--- STORED DATA Enclosed Below ---

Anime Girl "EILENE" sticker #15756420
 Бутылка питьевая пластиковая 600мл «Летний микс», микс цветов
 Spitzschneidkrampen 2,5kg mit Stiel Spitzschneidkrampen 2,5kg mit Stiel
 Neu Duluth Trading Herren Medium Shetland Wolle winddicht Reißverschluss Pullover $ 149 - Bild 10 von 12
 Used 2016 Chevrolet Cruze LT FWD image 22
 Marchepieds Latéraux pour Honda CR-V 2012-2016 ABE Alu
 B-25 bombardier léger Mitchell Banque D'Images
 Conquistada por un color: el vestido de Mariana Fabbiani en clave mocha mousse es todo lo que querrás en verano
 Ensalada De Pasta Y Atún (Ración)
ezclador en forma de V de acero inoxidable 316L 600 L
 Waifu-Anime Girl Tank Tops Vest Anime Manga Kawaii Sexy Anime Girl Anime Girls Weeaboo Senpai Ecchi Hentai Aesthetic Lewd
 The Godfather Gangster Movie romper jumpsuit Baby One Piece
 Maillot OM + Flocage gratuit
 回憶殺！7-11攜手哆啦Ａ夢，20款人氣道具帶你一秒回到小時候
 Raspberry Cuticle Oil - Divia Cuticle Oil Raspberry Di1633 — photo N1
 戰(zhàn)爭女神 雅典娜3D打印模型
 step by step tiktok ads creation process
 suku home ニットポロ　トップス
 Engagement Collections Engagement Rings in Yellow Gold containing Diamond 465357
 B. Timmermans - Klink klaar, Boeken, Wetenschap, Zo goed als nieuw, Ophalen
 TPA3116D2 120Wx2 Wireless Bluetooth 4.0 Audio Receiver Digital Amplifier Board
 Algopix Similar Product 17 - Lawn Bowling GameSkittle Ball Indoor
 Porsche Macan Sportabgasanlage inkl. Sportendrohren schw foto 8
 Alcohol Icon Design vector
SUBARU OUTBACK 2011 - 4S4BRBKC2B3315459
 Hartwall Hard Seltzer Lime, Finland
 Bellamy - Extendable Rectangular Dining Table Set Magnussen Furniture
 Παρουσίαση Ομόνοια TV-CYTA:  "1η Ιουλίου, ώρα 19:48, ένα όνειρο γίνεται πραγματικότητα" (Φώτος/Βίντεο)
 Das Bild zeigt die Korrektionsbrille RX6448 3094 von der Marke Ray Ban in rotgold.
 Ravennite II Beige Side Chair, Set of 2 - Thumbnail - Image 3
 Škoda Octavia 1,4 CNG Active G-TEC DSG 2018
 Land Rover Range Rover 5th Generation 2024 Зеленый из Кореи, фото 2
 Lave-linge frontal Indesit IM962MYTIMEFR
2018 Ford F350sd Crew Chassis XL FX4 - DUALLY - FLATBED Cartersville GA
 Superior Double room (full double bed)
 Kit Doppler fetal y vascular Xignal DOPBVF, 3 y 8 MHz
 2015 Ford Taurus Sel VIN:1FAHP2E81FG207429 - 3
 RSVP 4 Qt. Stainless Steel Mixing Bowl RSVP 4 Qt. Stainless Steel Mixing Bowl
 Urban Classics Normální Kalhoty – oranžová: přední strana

--- End of Enclosed STORED DATA ---

**EXERCISE PROMPT**. Would you please set down the lines from the one with "2018 Ford F350sd" to the end of the data above, exactly and without any other lines?

**TASK RESULT**.
2018 Ford F350sd Crew Chassis XL FX4 - DUALLY - FLATBED Cartersville GA
 Superior Double room (full double bed)
 Kit Doppler fetal y vascular Xignal DOPBVF, 3 y 8 MHz
 2015 Ford Taurus Sel VIN:1FAHP2E81FG207429 - 3
 RSVP 4 Qt. Stainless Steel Mixing Bowl RSVP 4 Qt. Stainless Steel Mixing Bowl
 Urban Classics Normální Kalhoty – oranžová: přední strana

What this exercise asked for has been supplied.